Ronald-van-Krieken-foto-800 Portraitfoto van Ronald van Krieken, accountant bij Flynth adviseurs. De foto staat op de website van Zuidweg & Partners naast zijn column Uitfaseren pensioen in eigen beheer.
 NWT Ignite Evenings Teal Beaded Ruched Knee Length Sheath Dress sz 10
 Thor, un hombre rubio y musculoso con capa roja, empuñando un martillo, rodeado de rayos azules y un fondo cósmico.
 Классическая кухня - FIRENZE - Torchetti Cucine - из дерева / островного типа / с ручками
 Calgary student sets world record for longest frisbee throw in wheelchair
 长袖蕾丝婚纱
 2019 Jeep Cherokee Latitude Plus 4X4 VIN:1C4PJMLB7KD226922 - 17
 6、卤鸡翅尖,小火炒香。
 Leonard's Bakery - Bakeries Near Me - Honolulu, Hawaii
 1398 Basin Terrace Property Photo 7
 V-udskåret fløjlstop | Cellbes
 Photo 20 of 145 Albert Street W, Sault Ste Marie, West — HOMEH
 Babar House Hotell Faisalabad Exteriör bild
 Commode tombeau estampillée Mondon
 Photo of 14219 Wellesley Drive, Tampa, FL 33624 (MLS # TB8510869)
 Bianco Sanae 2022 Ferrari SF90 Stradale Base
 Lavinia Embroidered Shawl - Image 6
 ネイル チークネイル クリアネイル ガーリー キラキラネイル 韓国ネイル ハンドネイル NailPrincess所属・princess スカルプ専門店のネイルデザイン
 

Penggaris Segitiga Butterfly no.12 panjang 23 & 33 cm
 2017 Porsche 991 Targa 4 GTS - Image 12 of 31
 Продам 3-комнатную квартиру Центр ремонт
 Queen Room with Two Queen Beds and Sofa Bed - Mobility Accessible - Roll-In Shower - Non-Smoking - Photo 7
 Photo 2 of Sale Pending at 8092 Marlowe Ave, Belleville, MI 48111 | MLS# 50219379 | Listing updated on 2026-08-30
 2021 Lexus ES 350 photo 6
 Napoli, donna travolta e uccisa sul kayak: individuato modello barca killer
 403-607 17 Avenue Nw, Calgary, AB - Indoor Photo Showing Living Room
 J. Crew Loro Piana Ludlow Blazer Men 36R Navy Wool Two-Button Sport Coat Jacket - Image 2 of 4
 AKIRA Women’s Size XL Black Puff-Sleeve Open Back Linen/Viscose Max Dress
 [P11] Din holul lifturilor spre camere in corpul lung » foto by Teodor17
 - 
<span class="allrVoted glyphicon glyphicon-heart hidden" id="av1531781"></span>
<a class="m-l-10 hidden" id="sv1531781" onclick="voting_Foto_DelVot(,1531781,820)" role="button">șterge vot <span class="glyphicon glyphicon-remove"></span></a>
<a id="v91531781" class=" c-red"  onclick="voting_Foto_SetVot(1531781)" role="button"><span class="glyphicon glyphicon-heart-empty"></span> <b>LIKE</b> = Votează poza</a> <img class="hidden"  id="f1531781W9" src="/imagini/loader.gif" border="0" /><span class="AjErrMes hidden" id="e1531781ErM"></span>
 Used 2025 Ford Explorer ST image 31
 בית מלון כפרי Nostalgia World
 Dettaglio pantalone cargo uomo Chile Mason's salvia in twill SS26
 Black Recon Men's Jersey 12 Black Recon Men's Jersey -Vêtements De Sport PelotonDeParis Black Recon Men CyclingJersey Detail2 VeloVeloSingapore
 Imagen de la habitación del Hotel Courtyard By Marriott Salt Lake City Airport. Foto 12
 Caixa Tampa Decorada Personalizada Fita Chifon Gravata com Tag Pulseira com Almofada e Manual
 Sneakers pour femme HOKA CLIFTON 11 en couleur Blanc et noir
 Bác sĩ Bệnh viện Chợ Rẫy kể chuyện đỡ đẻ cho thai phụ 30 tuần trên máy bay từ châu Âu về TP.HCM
------------------------------
## Work item
Reproduce the material in full, with no word added or dropped.

## Written solution
Ronald-van-Krieken-foto-800 Portraitfoto van Ronald van Krieken, accountant bij Flynth adviseurs. De foto staat op de website van Zuidweg & Partners naast zijn column Uitfaseren pensioen in eigen beheer.
 NWT Ignite Evenings Teal Beaded Ruched Knee Length Sheath Dress sz 10
 Thor, un hombre rubio y musculoso con capa roja, empuñando un martillo, rodeado de rayos azules y un fondo cósmico.
 Классическая кухня - FIRENZE - Torchetti Cucine - из дерева / островного типа / с ручками
 Calgary student sets world record for longest frisbee throw in wheelchair
 长袖蕾丝婚纱
 2019 Jeep Cherokee Latitude Plus 4X4 VIN:1C4PJMLB7KD226922 - 17
 6、卤鸡翅尖,小火炒香。
 Leonard's Bakery - Bakeries Near Me - Honolulu, Hawaii
 1398 Basin Terrace Property Photo 7
 V-udskåret fløjlstop | Cellbes
 Photo 20 of 145 Albert Street W, Sault Ste Marie, West — HOMEH
 Babar House Hotell Faisalabad Exteriör bild
 Commode tombeau estampillée Mondon
 Photo of 14219 Wellesley Drive, Tampa, FL 33624 (MLS # TB8510869)
 Bianco Sanae 2022 Ferrari SF90 Stradale Base
 Lavinia Embroidered Shawl - Image 6
 ネイル チークネイル クリアネイル ガーリー キラキラネイル 韓国ネイル ハンドネイル NailPrincess所属・princess スカルプ専門店のネイルデザイン
 

Penggaris Segitiga Butterfly no.12 panjang 23 & 33 cm
 2017 Porsche 991 Targa 4 GTS - Image 12 of 31
 Продам 3-комнатную квартиру Центр ремонт
 Queen Room with Two Queen Beds and Sofa Bed - Mobility Accessible - Roll-In Shower - Non-Smoking - Photo 7
 Photo 2 of Sale Pending at 8092 Marlowe Ave, Belleville, MI 48111 | MLS# 50219379 | Listing updated on 2026-08-30
 2021 Lexus ES 350 photo 6
 Napoli, donna travolta e uccisa sul kayak: individuato modello barca killer
 403-607 17 Avenue Nw, Calgary, AB - Indoor Photo Showing Living Room
 J. Crew Loro Piana Ludlow Blazer Men 36R Navy Wool Two-Button Sport Coat Jacket - Image 2 of 4
 AKIRA Women’s Size XL Black Puff-Sleeve Open Back Linen/Viscose Max Dress
 [P11] Din holul lifturilor spre camere in corpul lung » foto by Teodor17
 - 
<span class="allrVoted glyphicon glyphicon-heart hidden" id="av1531781"></span>
<a class="m-l-10 hidden" id="sv1531781" onclick="voting_Foto_DelVot(,1531781,820)" role="button">șterge vot <span class="glyphicon glyphicon-remove"></span></a>
<a id="v91531781" class=" c-red"  onclick="voting_Foto_SetVot(1531781)" role="button"><span class="glyphicon glyphicon-heart-empty"></span> <b>LIKE</b> = Votează poza</a> <img class="hidden"  id="f1531781W9" src="/imagini/loader.gif" border="0" /><span class="AjErrMes hidden" id="e1531781ErM"></span>
 Used 2025 Ford Explorer ST image 31
 בית מלון כפרי Nostalgia World
 Dettaglio pantalone cargo uomo Chile Mason's salvia in twill SS26
 Black Recon Men's Jersey 12 Black Recon Men's Jersey -Vêtements De Sport PelotonDeParis Black Recon Men CyclingJersey Detail2 VeloVeloSingapore
 Imagen de la habitación del Hotel Courtyard By Marriott Salt Lake City Airport. Foto 12
 Caixa Tampa Decorada Personalizada Fita Chifon Gravata com Tag Pulseira com Almofada e Manual
 Sneakers pour femme HOKA CLIFTON 11 en couleur Blanc et noir
 Bác sĩ Bệnh viện Chợ Rẫy kể chuyện đỡ đẻ cho thai phụ 30 tuần trên máy bay từ châu Âu về TP.HCM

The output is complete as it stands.